Aslında seyr u sülûk-i rûhânîlerini "usûlüddin" çerçevesine bağlı sürdürenler, sübuhât-ı vech ziyasıyla her şeyi min vechin mahcûb görseler de, konumları icabı bir hayret, hatta heymân yaşayabirler; ama, sükûtlarıyla olsun temkinde kusur etmemeye gayret gösterir; farkına vardıklarında da iltibasa açık ifadelerini tashih eder ve başkalarının değişik vartalara düşmelerine meydan vermemeye çalışırlar.

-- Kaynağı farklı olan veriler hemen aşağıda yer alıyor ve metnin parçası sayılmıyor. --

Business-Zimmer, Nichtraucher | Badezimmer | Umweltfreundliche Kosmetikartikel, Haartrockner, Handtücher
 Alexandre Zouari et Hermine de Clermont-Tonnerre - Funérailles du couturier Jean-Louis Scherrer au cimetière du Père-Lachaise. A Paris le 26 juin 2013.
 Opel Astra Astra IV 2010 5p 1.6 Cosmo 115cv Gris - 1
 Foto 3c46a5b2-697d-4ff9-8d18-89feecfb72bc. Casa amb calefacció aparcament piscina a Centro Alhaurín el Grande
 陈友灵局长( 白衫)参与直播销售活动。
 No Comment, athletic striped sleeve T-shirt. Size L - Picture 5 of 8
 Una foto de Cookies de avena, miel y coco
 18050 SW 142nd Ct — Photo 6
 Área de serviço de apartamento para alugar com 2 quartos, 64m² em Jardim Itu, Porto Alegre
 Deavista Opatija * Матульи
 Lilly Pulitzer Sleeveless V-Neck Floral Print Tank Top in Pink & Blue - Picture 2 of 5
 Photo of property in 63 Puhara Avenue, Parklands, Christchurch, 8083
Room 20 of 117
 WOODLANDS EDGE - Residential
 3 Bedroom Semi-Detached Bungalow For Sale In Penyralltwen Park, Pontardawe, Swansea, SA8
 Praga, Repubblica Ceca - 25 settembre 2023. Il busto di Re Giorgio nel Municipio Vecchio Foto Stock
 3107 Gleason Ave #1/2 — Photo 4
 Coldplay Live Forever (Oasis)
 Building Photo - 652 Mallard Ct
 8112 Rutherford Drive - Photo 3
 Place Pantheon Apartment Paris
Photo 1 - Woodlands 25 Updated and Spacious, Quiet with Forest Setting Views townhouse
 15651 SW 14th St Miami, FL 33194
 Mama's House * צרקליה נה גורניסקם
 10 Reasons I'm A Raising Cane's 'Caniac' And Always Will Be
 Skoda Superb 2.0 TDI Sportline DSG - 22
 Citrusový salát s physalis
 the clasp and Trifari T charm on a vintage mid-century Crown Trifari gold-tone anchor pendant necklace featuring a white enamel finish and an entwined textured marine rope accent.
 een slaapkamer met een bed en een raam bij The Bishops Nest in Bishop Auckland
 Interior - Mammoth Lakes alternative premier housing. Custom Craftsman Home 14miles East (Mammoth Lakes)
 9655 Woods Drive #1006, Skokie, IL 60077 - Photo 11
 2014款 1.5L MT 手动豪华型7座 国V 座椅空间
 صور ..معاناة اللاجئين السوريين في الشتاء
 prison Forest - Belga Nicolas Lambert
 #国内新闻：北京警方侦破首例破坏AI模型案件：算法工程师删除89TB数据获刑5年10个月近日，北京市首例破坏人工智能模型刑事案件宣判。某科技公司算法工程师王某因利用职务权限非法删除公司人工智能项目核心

Hazret-i Mevlânâ bir rubâîsinde:

- Bağda binlerce ayyüzlü güzel var; güller var, misk kokulu menekşeler var, dereler içinde coşkun coşkun akıp giden sular var. Bütün bunların hepsi zatında birer bahane; âlemde yalnız O, yalnız O var." iltibasa açık gibi görünen -aslında öyle olmadığı da söylenebilir- ifadelerini bir başka rubâîsinde, herhangi bir yanlış anlamaya meydan vermeyecek şekilde şöyle seslendirir:

- Ey insan sen öyle bir yaratıksın ki, varlığın da yokluğun da hep O'dur. Sevincin de gamın da sermayesi hep O'dur. Ama sende görecek göz yok ki, bakıp da O'nu, O'nun yaratma gücünü ve ortaya koyduğu eserleri göresin. Senin varlığında O'nun sanatı, O'nun kudreti müşahede edilmektedir." der, bütün iltibas ve sû-i tevil kapılarını kapar.